07 August 2009

Seas incarnadine

The Cove

Crit

I tried to get the author of a book I edited recently to tone down a parallel between the Holocaust and the ongoing slaughter of elephants in Africa. I tried because I know that many readers, perhaps most, will be outraged to the point of rejecting everything the book has to offer if the author clings to a stance that the worst thing humans can do to nonhuman animals has even the remotest equivalency with the worst thing humans have done to other humans.

So I tried to get her to tone it down a bit--tried but mostly failed.
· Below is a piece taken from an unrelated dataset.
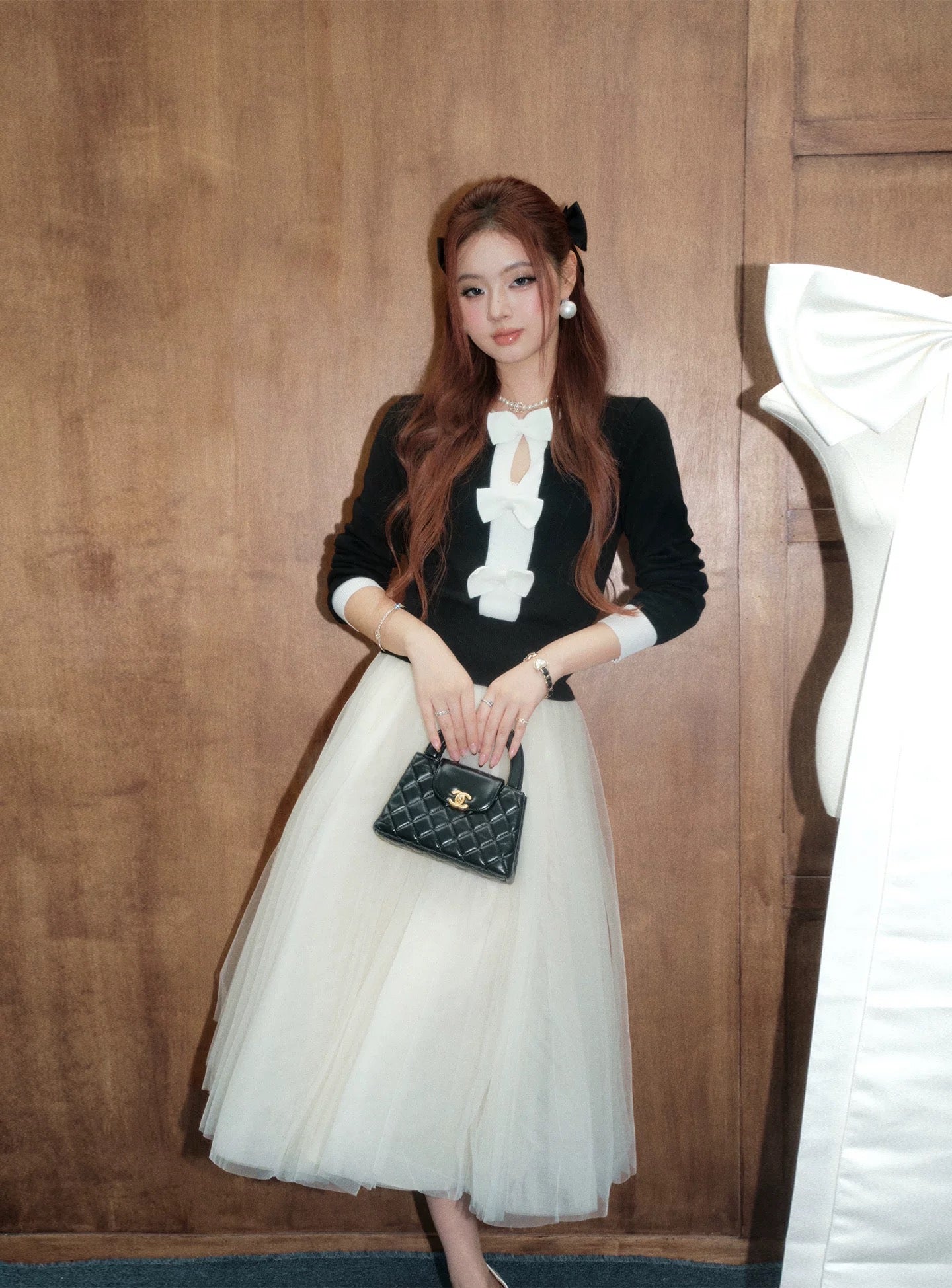 high-end ribbon tops KS1216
And now I'm kinda glad I failed (and also glad that scarcely anyone reads this, so I won't have to fend off angry commentary), because if the bloodfest I just saw--not Hollywood blood but dolphin blood, the footage captured with hidden high-def cameras planted by genuine guerrilla filmmakers--if that had nothing to do with holocaust, then we might as well abandon all pretense to being the planet's most evolved species, or even its smartest. If lancing a corralled dolphin until it spouts red and sinks, then lancing another, and another, and another, until the massacre of trapped animals is complete--if that doesn't merit the most profound censure we can summon, if the savagery that motivates it isn't the equal of that that motivated the sickest SS commandant, then point the way to the Lower Species Consulate, because I'd like to petition for a change in citizenship.
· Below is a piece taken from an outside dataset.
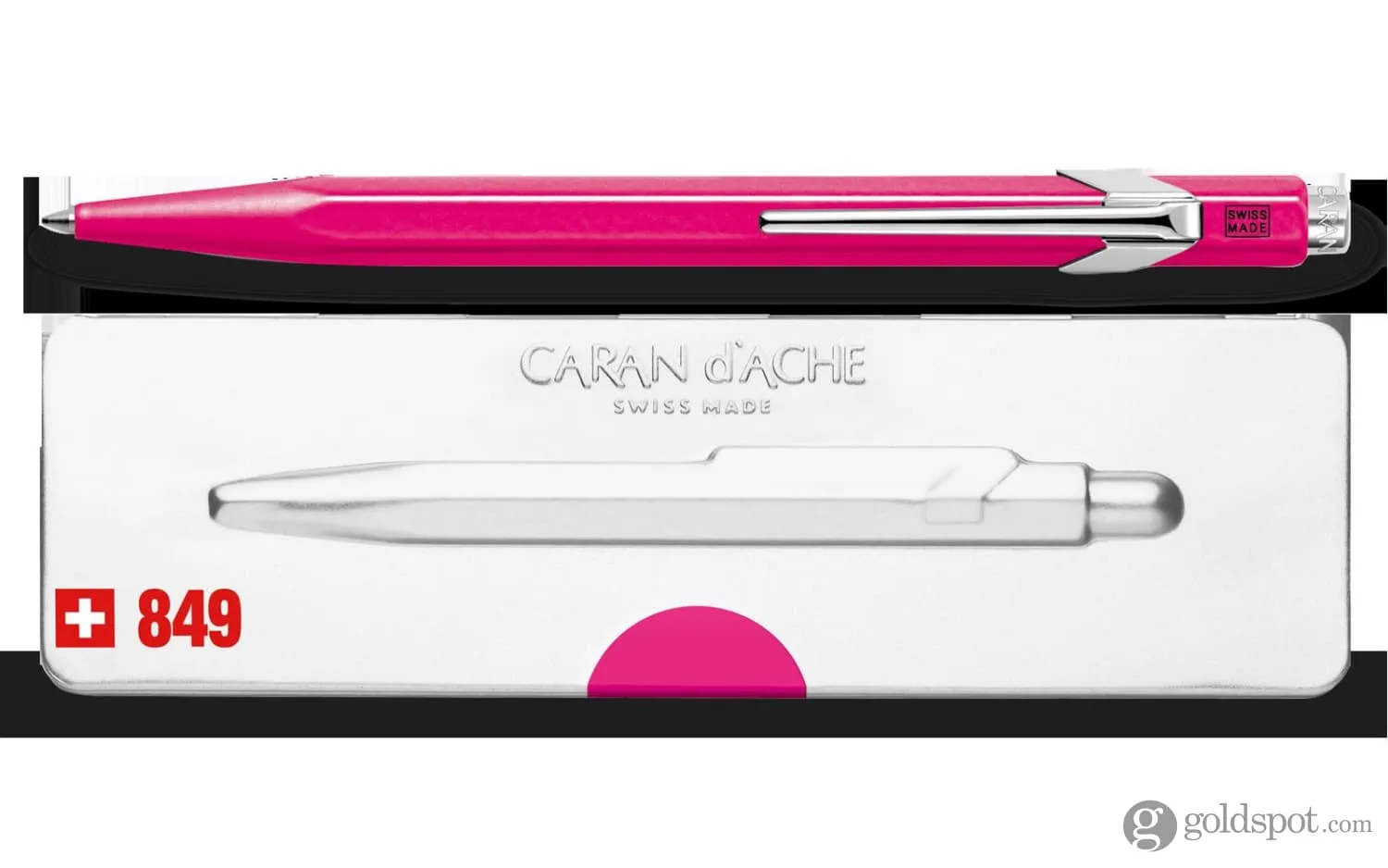 Caran d'Ache 849 Popline Ballpoint Pen in Fluorescent Pink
And this will be sort of a hot-button anticlimax, I suppose, but the part of the film that isn't holocaust is slave trade: the dolphins that are killed for food (mercury-rich food, incidentally, much of it falsely labeled as having come from whales) are the ones that aren't handsome enough to attract buyers for all the Sea World clones around the world. These are essentially aquatic circuses, and like terrestrial circuses, they treat their animals like the cash cows they are. The difference between intentional cruelty and good intentions is the difference between the sadistic overseer and the benign slaveowner. And I've come to believe that zoos are only marginally better.

OK, that's my annual quota of preachiness, and then some. I'll just leave you with a link to the Oceanic Preservation Society's website.

Trailers

1 comment:

superweed said...

Thanks for the vivid depiction of the footage that changed your mind. For a strong, careful argument in support of Isaac Bashevis Singer's observation that, in relation to animals, "all men are Nazis," read Charles Patterson's very well researched book, Eternal Treblinka.